Unklar, ob die EU-Staaten konkreten Beitrittsverhandlungen der Ukraine grünes Licht geben

"Wir haben den EU-Erweiterungsprozess immer auch als geopolitisches Instrument verstanden" und deshalb habe man auch die Verleihung des Kandidatenstatus für die Ukraine begrüßt, sagt ÖVP-Delegationsleiterin Angelika Winzig. Ob die EU-Staaten im Dezember grünes Licht für konkrete Beitrittsverhandlungen geben sollen, sagt sie nicht klar. 

Aber: "Es gibt kein Fast-Track-Verfahren für einzelne Kandidatenländer und keine Überholspur im Beitrittsprozess." Gerade mit Blick auf die Westbalkanstaaten dürfe es keine Ungleichbehandlung geben.

In welchen Bereichen die Ukraine noch Fortschritte machen  muss

Im Bereich Rechtsstaatlichkeit und Korruptionsbekämpfung müsse die Ukraine jedenfalls noch Fortschritte machen. Mit der Ukraine würde ein großer Agrarproduzent der EU beitreten. Deshalb müssten vor einem Beitritt "wichtige Teile der EU-Politik, wie beispielsweise die gemeinsame Agrarpolitik oder die Kohäsionspolitik der EU, entsprechend angepasst werden", so Winzig. Einen Beitritt, noch während das Land sich im Krieg befindet, lehnt sie klar ab.

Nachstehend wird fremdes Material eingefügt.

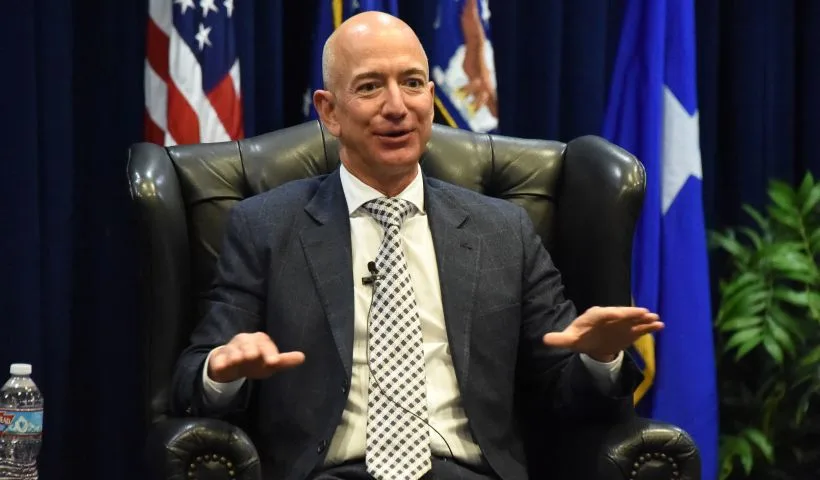 una foto di Jeff Bezos - diventato co-ceo di Project Prometheus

Mit "Ja, aber!" beantwortet SPÖ-Delegationsleiter Andreas Schieder die Frage nach einem Beginn der Beitrittsgespräche. "Für einen EU-Beitritt gelten klare Kriterien in Bezug auf Demokratisierung, wirtschaftliche Liberalisierung und das rechtsstaatliche Gefüge." Auch Schieder will keine Abkürzungen im Vergleich zu den Westbalkanstaaten. "Ernsthafte Verhandlungen" über einen Beitritt könne es auch erst nach dem Krieg geben.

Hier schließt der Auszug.